Print, exactly as written, the line in the entries below that contains "Preworn Womens Black" and every line after it up to and including the last. Omit pictures.

--- DATA UNDER STUDY ---

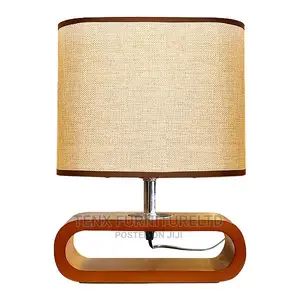 DESK LAMP 3 Oval Shape Design WOOD BASE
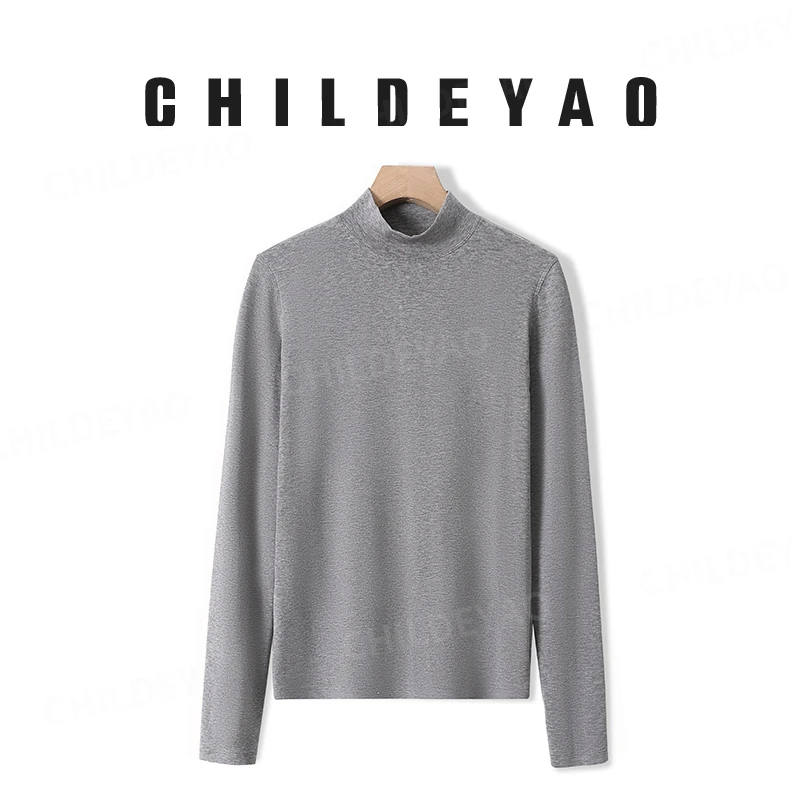 Childe Yao【暖洋洋】+打底衫女秋冬半高领厚保暖叠穿内搭长袖F3261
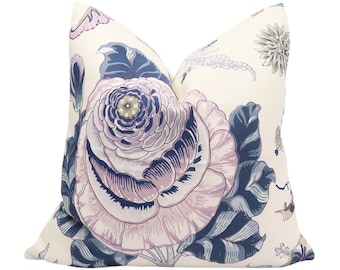Funda de almohada Schumacher Indian Arbre en Hyacinth 175781 // Almohada de diseño // Almohada de alta gama // Almohada decorativa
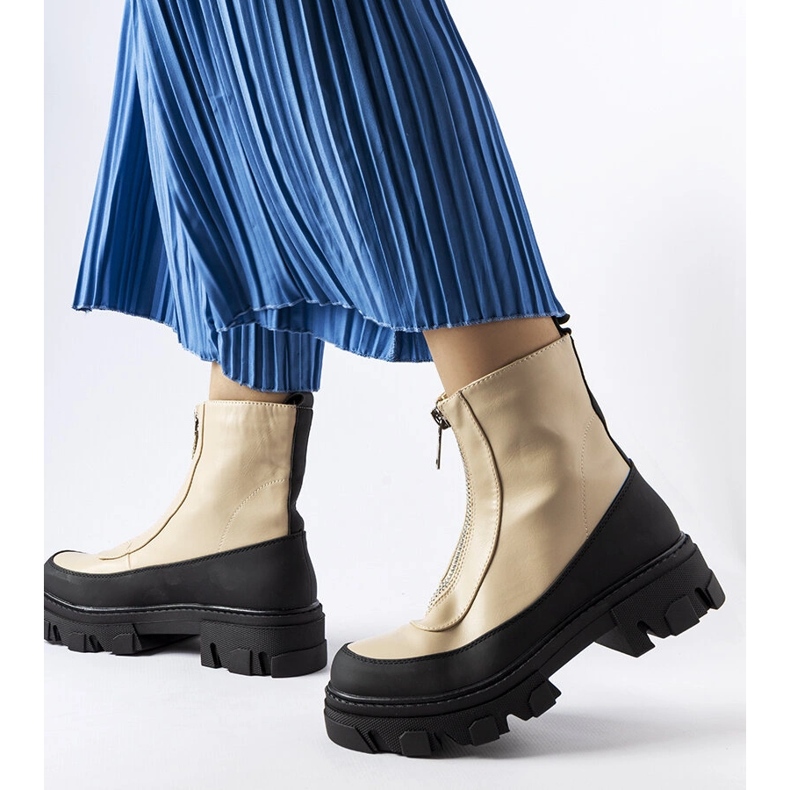 Botins grossos bege, Morley 1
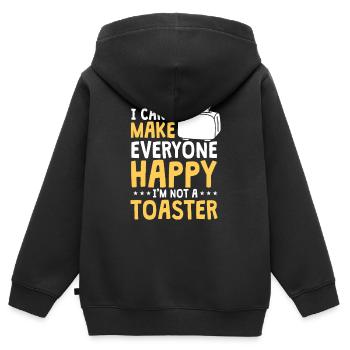 Toaster - Kinder Premium Organic Zip Hoodie - Schwarz - Hinten - AI Model Kid Male (0cm)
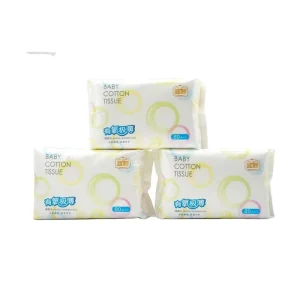 Eco Friendly Disposable Wet Dry Tissue Soft Feminine Cleansing Wipes with Dry Clean Option From China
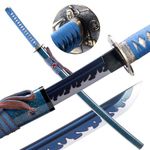 Samurai Sword Japanese Katana 9260 Steel Cold Steel Katana Sword Real Sharp Training Katana (The Brave)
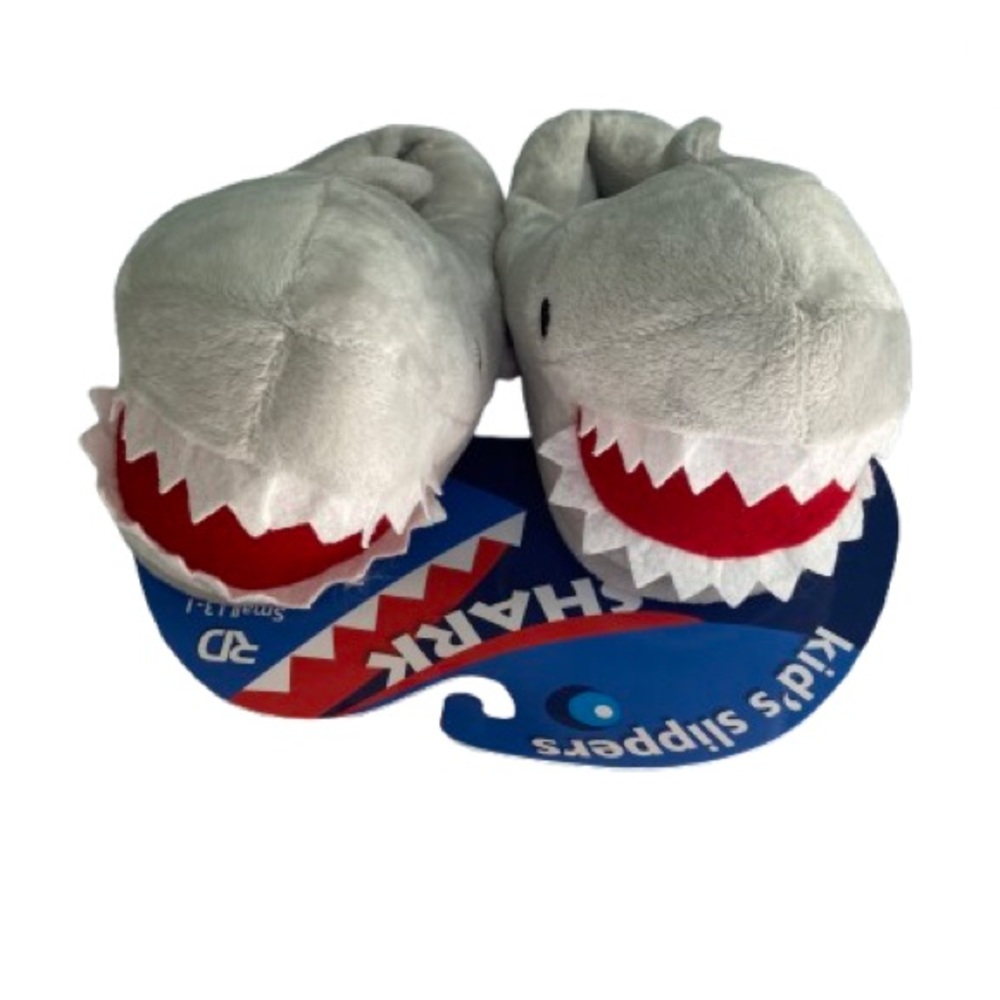 Kid's Shark Slippers Size S 13-1 Beach Ocean Life NWT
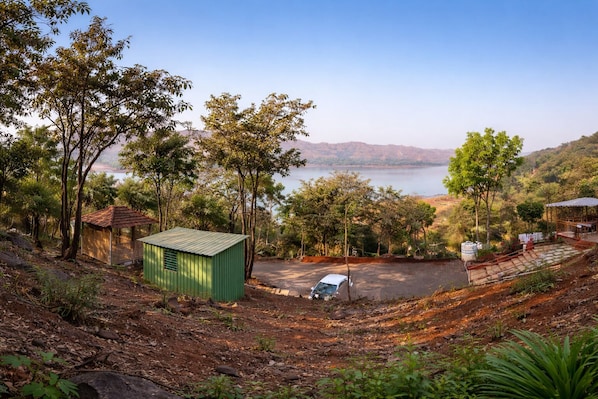 Overnatningsstedets område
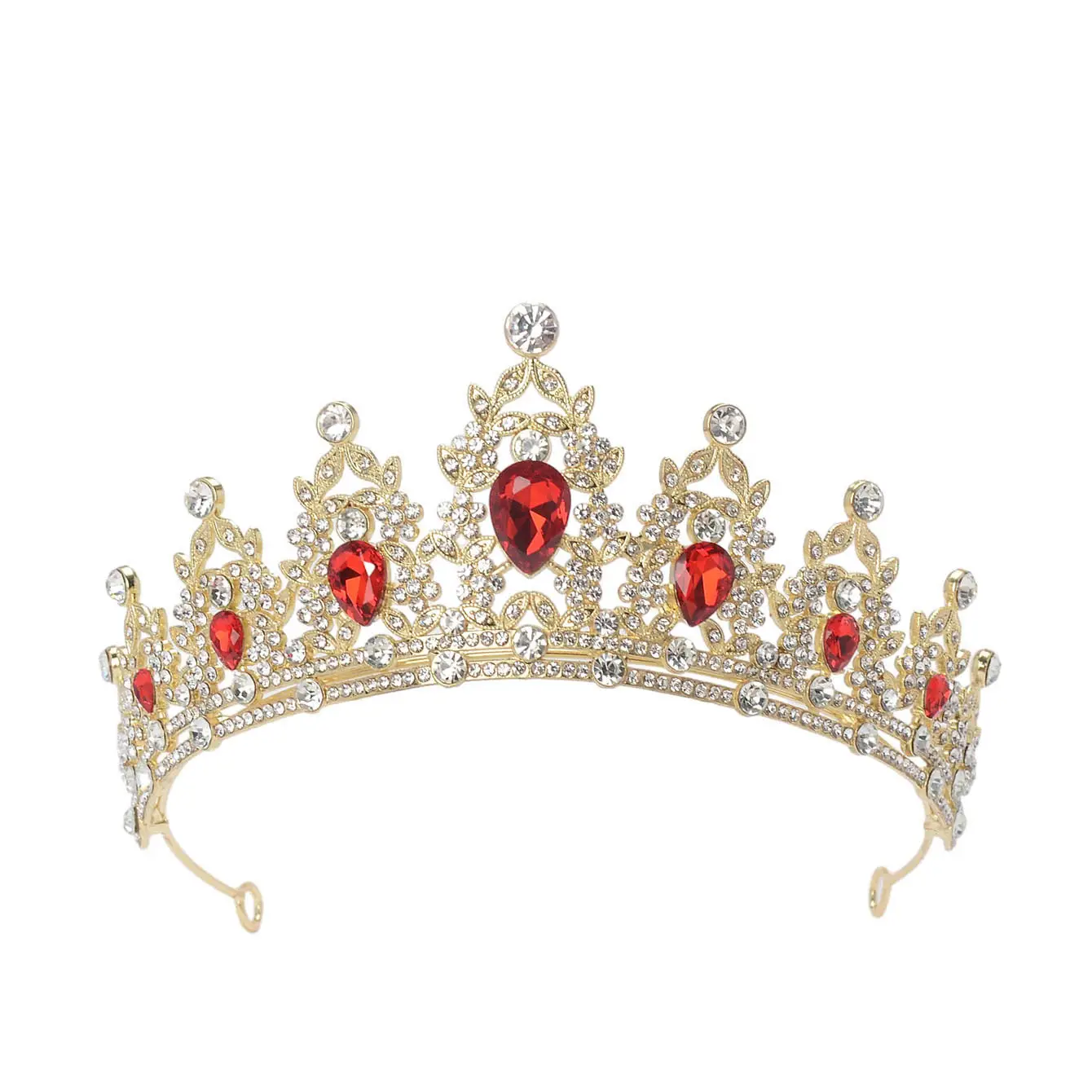European Crown with Green Rhinestones for Women - Image 9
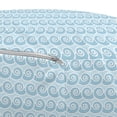 thumbnail image 3 of Nautical Pouf Cover with Zipper, Pattern of Repetitive Abstract Waves Symmetry Surf Swirls, Soft Decorative Fabric Unstuffed Case, 30" W X 17.3" L, Pale Blue Pale Sky Blue, by Ambesonne, 3 of 5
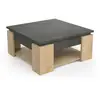 Image de Table basse l80 cm - effet bois clair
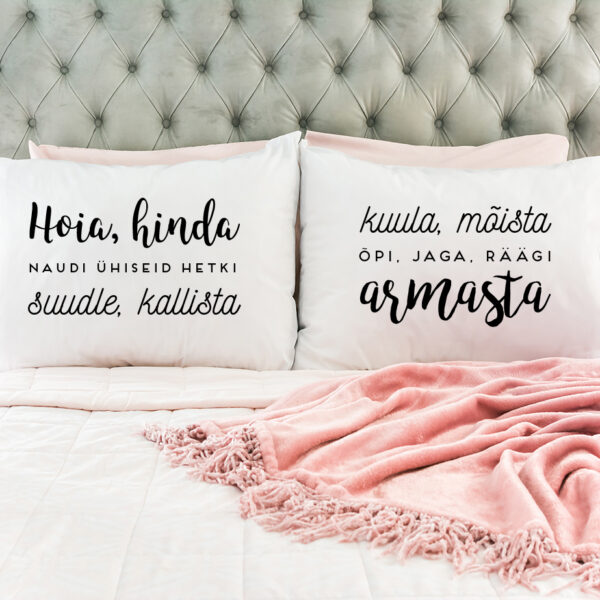 Sõnumiga padjapüürid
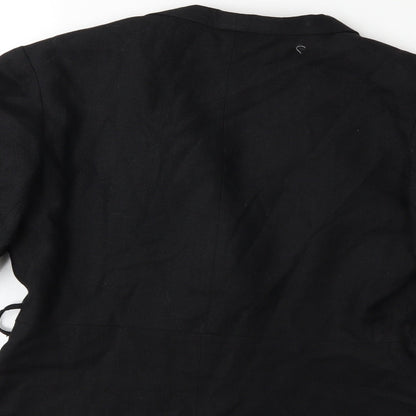 Preworn Womens Black  Rayon Jacket  Size 14
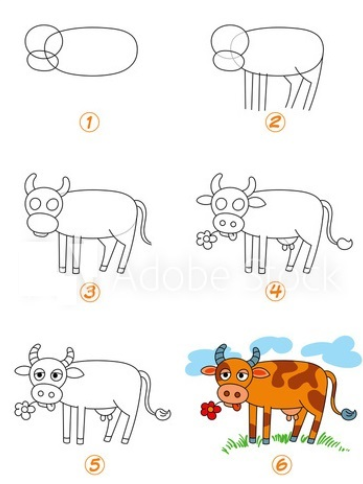 Dibujos de Una vaca - Idea 5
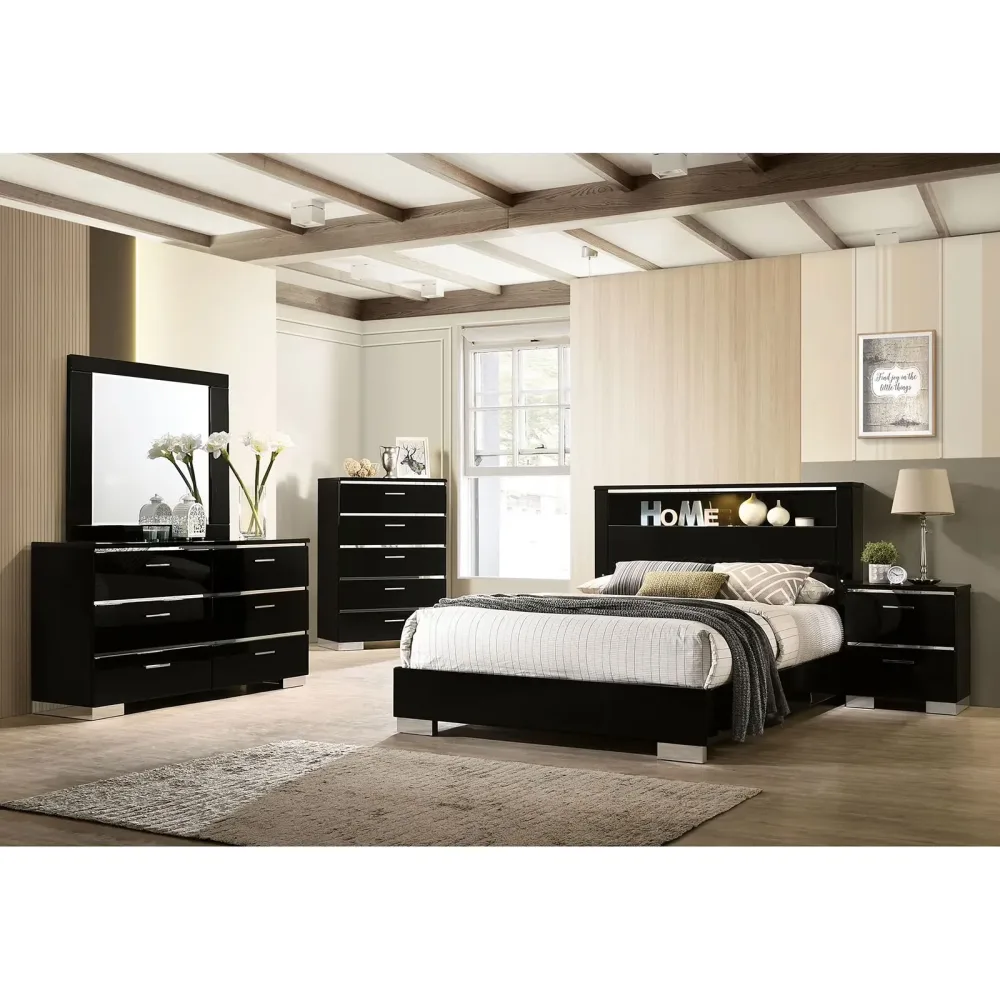 Bedroom black 8" 4"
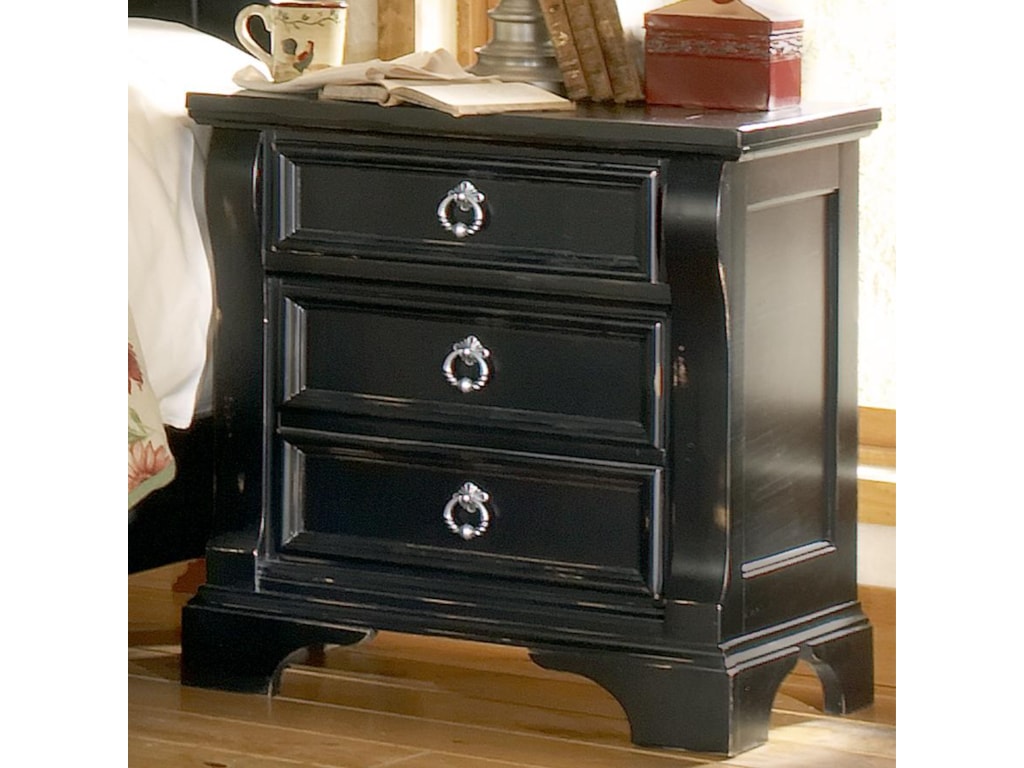American Woodcrafters HeirloomThree Drawer Nightstand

---

-- EXERCISE RESPONSE --
 Preworn Womens Black  Rayon Jacket  Size 14
 Dibujos de Una vaca - Idea 5
 Bedroom black 8" 4"
American Woodcrafters HeirloomThree Drawer Nightstand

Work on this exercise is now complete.